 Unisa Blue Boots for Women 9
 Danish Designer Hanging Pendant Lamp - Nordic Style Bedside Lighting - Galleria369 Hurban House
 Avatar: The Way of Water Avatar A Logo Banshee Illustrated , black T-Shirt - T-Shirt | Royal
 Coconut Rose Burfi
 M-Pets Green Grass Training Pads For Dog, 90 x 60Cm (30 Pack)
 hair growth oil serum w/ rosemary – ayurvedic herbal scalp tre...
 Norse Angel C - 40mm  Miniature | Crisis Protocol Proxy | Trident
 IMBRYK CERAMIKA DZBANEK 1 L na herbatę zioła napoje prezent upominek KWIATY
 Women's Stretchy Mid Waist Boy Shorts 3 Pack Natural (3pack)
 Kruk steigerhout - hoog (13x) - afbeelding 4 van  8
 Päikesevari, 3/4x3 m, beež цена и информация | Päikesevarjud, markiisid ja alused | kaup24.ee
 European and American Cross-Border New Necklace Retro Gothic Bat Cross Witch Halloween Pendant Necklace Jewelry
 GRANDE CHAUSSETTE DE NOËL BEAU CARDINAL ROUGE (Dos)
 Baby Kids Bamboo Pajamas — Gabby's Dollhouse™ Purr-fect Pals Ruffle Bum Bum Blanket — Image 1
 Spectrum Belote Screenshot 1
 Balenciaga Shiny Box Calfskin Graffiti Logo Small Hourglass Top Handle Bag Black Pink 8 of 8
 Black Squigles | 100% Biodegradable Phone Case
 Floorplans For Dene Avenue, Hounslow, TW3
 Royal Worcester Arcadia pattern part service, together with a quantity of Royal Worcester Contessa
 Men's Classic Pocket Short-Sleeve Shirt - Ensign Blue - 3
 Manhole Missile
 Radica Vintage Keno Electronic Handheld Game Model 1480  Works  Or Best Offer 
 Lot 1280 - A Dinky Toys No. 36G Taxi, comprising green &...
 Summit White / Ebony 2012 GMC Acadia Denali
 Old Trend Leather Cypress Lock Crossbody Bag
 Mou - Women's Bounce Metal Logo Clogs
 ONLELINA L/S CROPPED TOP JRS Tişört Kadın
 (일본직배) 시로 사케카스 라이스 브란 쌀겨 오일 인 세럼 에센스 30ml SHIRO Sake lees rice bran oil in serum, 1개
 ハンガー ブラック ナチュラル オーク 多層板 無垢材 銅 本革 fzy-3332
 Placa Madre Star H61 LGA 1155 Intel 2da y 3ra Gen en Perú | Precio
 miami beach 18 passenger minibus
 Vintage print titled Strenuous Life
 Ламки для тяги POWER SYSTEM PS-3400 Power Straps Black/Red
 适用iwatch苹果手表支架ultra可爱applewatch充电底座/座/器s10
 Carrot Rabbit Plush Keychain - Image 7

-- -- --

How to complete this task:
When the line with "Balenciaga Shiny Box" is reached in the data above, begin copying, and stop after the line with "Old Trend Leather Cypress Lock Crossbody Bag"; copy each line exactly, both ends included.

Task solution:
 Balenciaga Shiny Box Calfskin Graffiti Logo Small Hourglass Top Handle Bag Black Pink 8 of 8
 Black Squigles | 100% Biodegradable Phone Case
 Floorplans For Dene Avenue, Hounslow, TW3
 Royal Worcester Arcadia pattern part service, together with a quantity of Royal Worcester Contessa
 Men's Classic Pocket Short-Sleeve Shirt - Ensign Blue - 3
 Manhole Missile
 Radica Vintage Keno Electronic Handheld Game Model 1480  Works  Or Best Offer 
 Lot 1280 - A Dinky Toys No. 36G Taxi, comprising green &...
 Summit White / Ebony 2012 GMC Acadia Denali
 Old Trend Leather Cypress Lock Crossbody Bag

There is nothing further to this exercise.